Dataset content:
Content starts
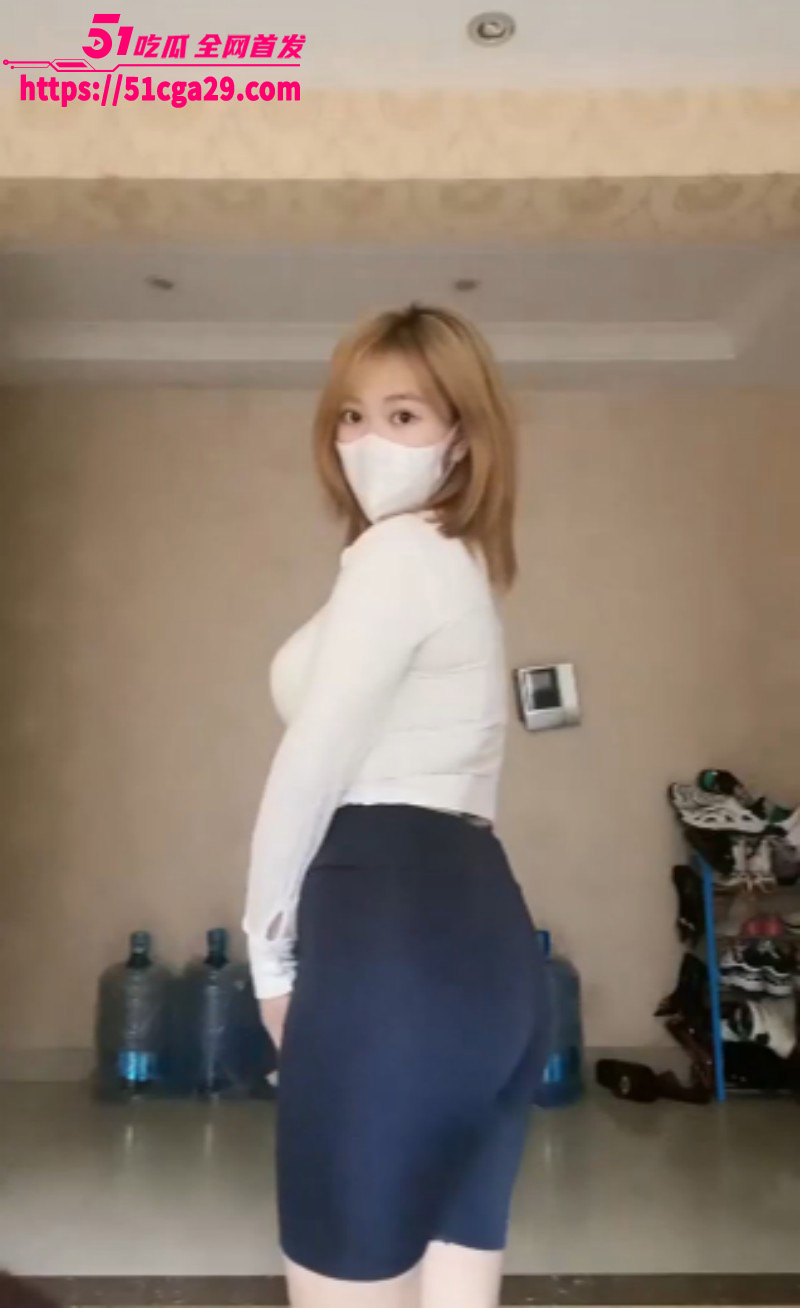 抖音24万粉巨乳网红相关图片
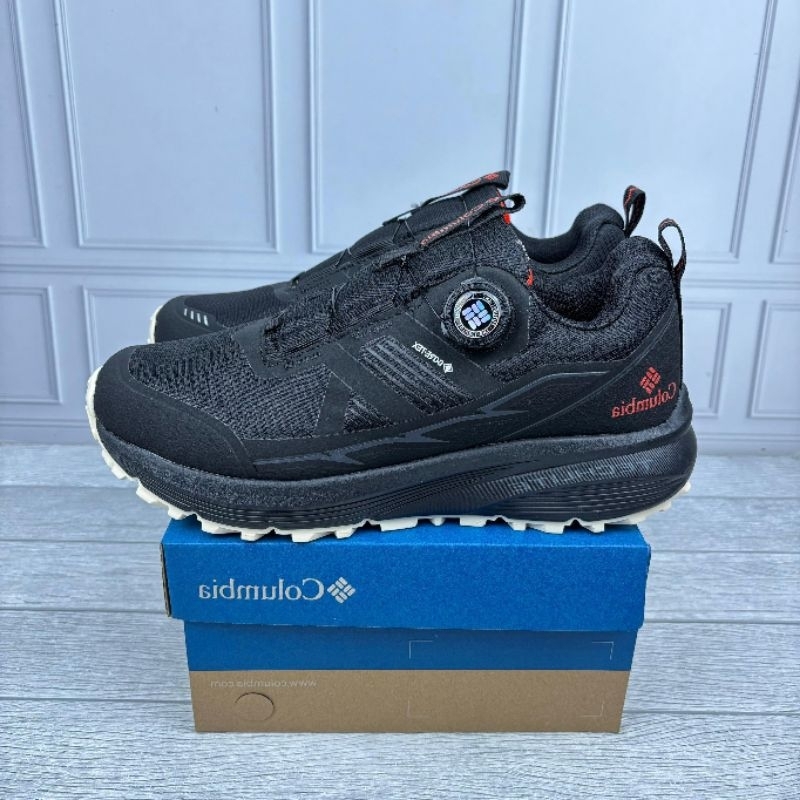 SEPATU COLUMBIA TRAIL BLACK WHITE RED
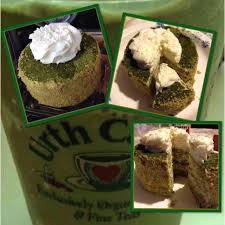 The chiffon cake itself is flavoured with instant coffee powder and kahlua. For The Love Of Green Tea The Flavors Are Spot On Urth Cafe 1 Green Tea Boba 2 Matcha Tiramisu With A Lig Something Sweet Matcha Tiramisu Delicious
Content ends
Task objective:
The lines to copy run from the one with "SEPATU COLUMBIA TRAIL BLACK WHITE RED" through the end of the material. Write them out exactly, leaving out the pictures.

Your solution:
 SEPATU COLUMBIA TRAIL BLACK WHITE RED
 The chiffon cake itself is flavoured with instant coffee powder and kahlua. For The Love Of Green Tea The Flavors Are Spot On Urth Cafe 1 Green Tea Boba 2 Matcha Tiramisu With A Lig Something Sweet Matcha Tiramisu Delicious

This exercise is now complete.